Sebuah prestasi yang membanggakan tentunya. Anak yang lahir di Desa Karang Lor, Kecamatan Kunir, Lumajang ini berhasil mengibarkan bendera Merah Putih di Vietnam dan disaksikan orang-orang  di Asia. 

Ia memaknai kemenangan ini bisa diraih karena memegang prinsip teguh sabar dan ikhlas saat bertanding. Arti sabar sebenarnya, yaitu tak terpancing emosi ketika ada lawan yang mencoba mengganggunya di lintasan. Ikhlas, yaitu bertanding menjunjung tinggi sportivitas. Karena menyadari sebuah pertandingan pasti ada sisi menang dan kalah. 

Dari dua prinsip ini, dia bisa bertanding lebih lepas. Tanpa beban. Hal ini lah yang membuat kakinya bisa mengayuh pedal sepeda lebih cepat. Lintasan sepanjang 20.8 Kilometer, bisa Zaenal taklukan hanya dalam waktu 1 Jam 16 Menit 41 detik.

"Setahun lalu saya pernah bilang sama istri, pingin sekali bisa merasakan nangis di podium. Tahun ini ternyata terwujud," kata bapak tiga anak ini.

Koleksi medali di rumah Zainal sekarang bertambah. Ditemui di rumahnya, medali emas dari Sea Games itu terkalung di badan anaknya. Anaknya nomor dua adalah yang paling narsis memamerkan medali itu.
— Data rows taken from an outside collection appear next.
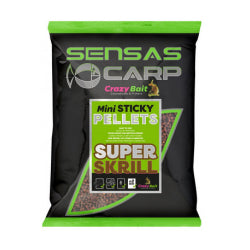 Пелети SENSAS Mini Sticky Pellets - 700gr/2mm с вкус на SUPER KRILL, идеални за фидер техники.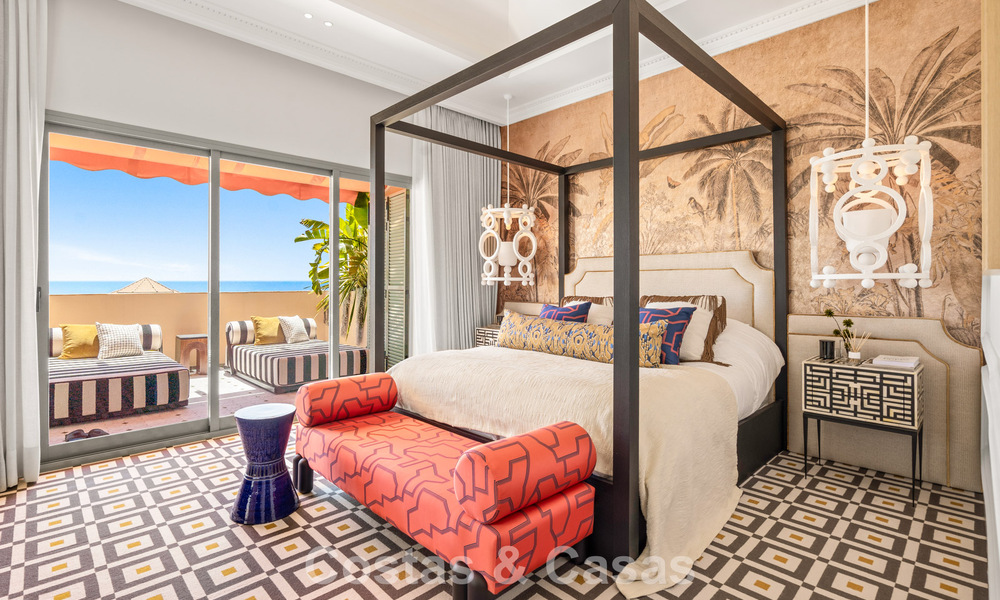 Ultra-luxueus duplex penthouse met bekroond interieur te koop in Los Flamingos Golf Resort in Marbella - Benahavis 782851
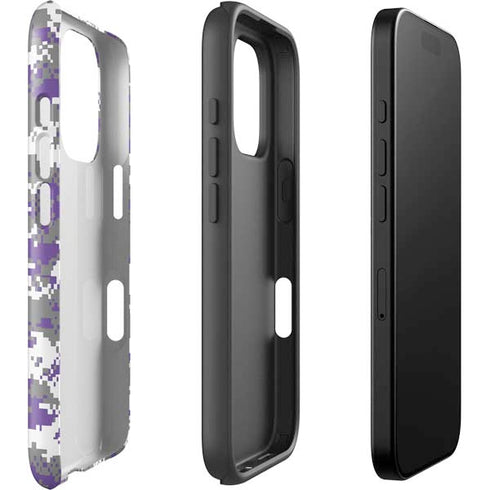 NBA Sacramento Kings Purple Digi Camo iPhone 16 Pro Impact Case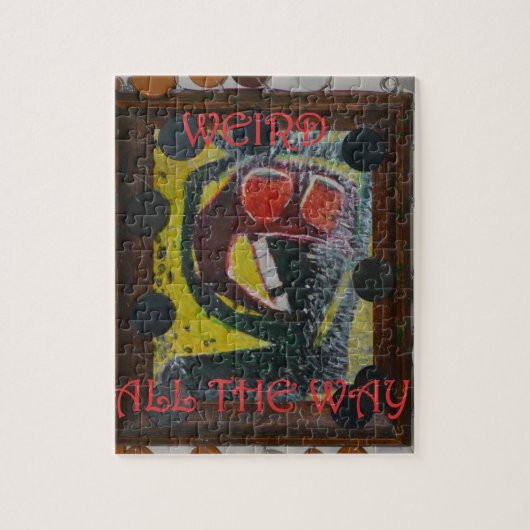 ずっと局外者の芸術-ない夜で風変わり ジグソーパズル (縦)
Dengan menggunakan balance dia menunjukkan medali ayahnya kepada semua keluarga dan rekan Zaenal yang datang ke rumah. Tanpa berucap satu kata-kata pun, tatapan mata anak umur 5 tahun itu terlihat sangat bangga akan prestasi ayahnya. 

"Aku sama istri itu pasangan atlet sepeda. Kalau sudah pensiun, Insya Allah anak-anakku besok-besok yang nerusin," ujarnya.

Zaenal yakin keinginan ini bukanlah hal yang mustahil. Kondisinya sekarang jauh lebih baik. Jika hanya untuk membelikan 1 sepeda gunung untuk anaknya, tentu menjadi hal yang mudah.

Tapi sebelum di titik sekarang, dulu belasan tahun lalu, Zaenal mengawali karir di dunia balap sepeda gunung, dengan perjuangan yang berdarah-darah.

Tinggal jauh dari keluarga. Dan yang paling parah, dia pernah putus asa tak punya cita-cita.

"Orang tua gak punya biaya melanjutkan sekolah. Ekonomi sulit, tiap hari cuma bantu bapak merawat sapi," kenangnya.

Sesuai menggembala sapi, Fanani punya hobi bermain sepeda BMX. Sepeda itu milik ayahnya waktu muda. Dia berlatih di jalanan sepi di desa-desa.

Rupanya, kebiasaan ini diamati salah seorang pecinta sepeda gunung. Dia diajak bergabung bersama atlet sepeda gunung. Skill dia berakobrat di jalan aspal, sangat bisa diterapkan untuk teknik melintas di medan-medan curam.

"Gak pernah ikut latihan, tiba-tiba dipinjami sepeda gunung disuruh ikut kompetisi mountain bike (MTB) di Malang. Gak tahu kenapa ternyata bisa masuk 5 besar," katanya.

Sepulangnya dari tanding, nama Zaenal menjadi perbincangan di kalangan atlet MTB. Dia diminta bergabung di sebuah klub bernama Megar. Dia diberi pinjaman sepeda. Syaratnya cuma harus rutin latihan. 

Dorongan ini yang membuatnya semangat. Setiap hari dia hanya mengisi waktu berlatih dan berlatih. Ikhtiar ini ternyata tak mengkhianati hasil.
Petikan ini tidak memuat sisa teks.